Overall scoring graph. Overall scoring graph, created by adding up all normalized benchmarking scores per ortholog identification method. X-axis, the several ortholog identification methods, sorted by average proteome size or number of protein pairs; Y-axis, the sum of all five benchmarking scores per ortholog identification method. Red, correlation of expression profiles; green, equal InterPro accession numbers; blue, conservation of co-expression; orange, conservation of gene order; purple, conservation of protein-protein interaction. (a) Human-mouse (Hs-Mm). (b) Human-worm (Hs-Ce).

Ortholog reference set

We included in our study a 'true ortholog' reference set, consisting of five well-studied protein families: the Hox cluster proteins and hemoglobins (human-mouse), the nuclear receptors and toll-like receptors (human-worm), and the Sm and Sm-like proteins (human-mouse plus human-worm).

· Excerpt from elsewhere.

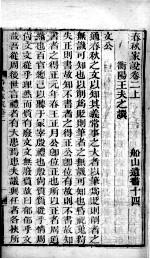 春秋家说 卷2 上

Table 2 shows the overlap between the orthologs defined by the six different methods and this reference set.

Table 2 Overlap with ortholog reference set

The human-mouse Hox cluster proteins are covered best by the PGT method: 33 out of 41 orthologous pairs are detected. The KOG method is the second best with 30 orthologous pairs, and InParanoid is third best with 28 pairs. The other three methods all find the same 26 pairs. However, the KOG and PGT methods also have a high number of false positives. When the number of orthologous pairs is divided by the average proteome size, the BBH method has the highest score, followed by PGT and INP. The nine human-mouse hemoglobin orthologous pairs are almost all detected by the Z1H method. The orthologous pairs/average proteome size ratios of the six different methods do not differ much for this family, which means that the number of detected pairs is proportional to the inclusiveness of the ortholog identification method. PGT and BBH have the best scores when looking at Sm and Sm-like proteins.

As for the human-worm nuclear receptors, the KOG method has the highest number of orthologous pairs. However, KOG has an extremely high number of false positives. When the numbers of orthologous pairs are divided by the average proteome size, the MCL method has the best performance. The Toll-like receptor family, which has only one member in Caenorhabditis elegans shows good results for KOG as well, together with the PGT method. For the Sm and Sm-like protein family, the MCL and INP methods have the highest orthologous pairs/average proteome size ratios.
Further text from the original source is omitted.